On the one hand I loathe the repressive hand of power, on the other, pseudo-liberalism having for its aim not the raising up of the low, but the tearing down of high things. These two aversions easily fall into one general hatred of despotism, whatever form it takes. And there is another thing I am averse to: the didactic platitudes of our so-called progressives who preach utilitarianism in poetry. I am one of only two or three authors here who carry the banner of the principle of Art for art's sake. For I am totally convinced that a poet's mission is not presenting the common people with some kind of illusory favours or profits, but trying to raise their morality level; to imbue into them the love for beauty; the love that is the means in itself which will always find its end without any propaganda being involved. This point of view directly clashes with the one that is dominant in our journals. So, giving me great honour by regarding me as the major representative of the ideas they oppose, these people keep scolding me with a fervor worthy of a better cause. Our press is mostly in the hands of socialist theoreticians. Of this vast clique which is busy serving its own slogans and keeping its own proscription lists, I am the target. And all the while the reading public gives me nothing but their approval. And one more curious detail: while the journals label me "retrograde", the authorities consider me "a revolutionary."[6]
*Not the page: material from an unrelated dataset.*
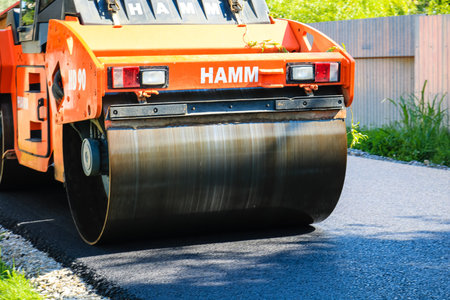 Workers and asphalting machines. Construction, asphalting of new road in Bucharest, Romania, 2022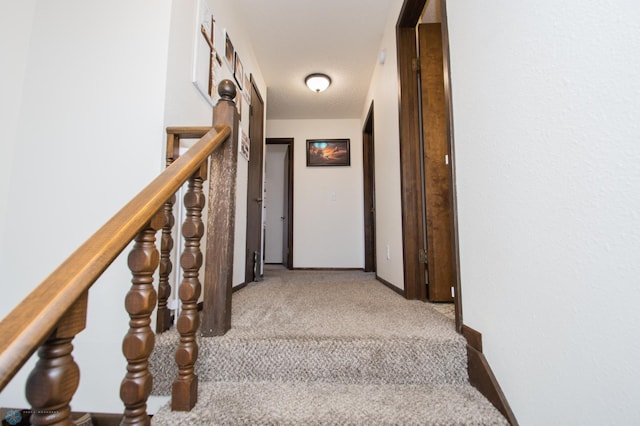 hallway with light carpet, stairway, and baseboards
Tolstoy caused much controversy with his scathing remarks aimed at contemporary government officials (Alexander Timashev, Vladimir Butkov, Ivan Veillot) whom he – a supporter of the monarch – considered real enemies of the State. He also criticized the activities of the 3rd Department, and in the wake of the Polish uprising was one of the very few people in the Court to openly denounce Muravyov the Hangman's draconian methods of political repression.[21]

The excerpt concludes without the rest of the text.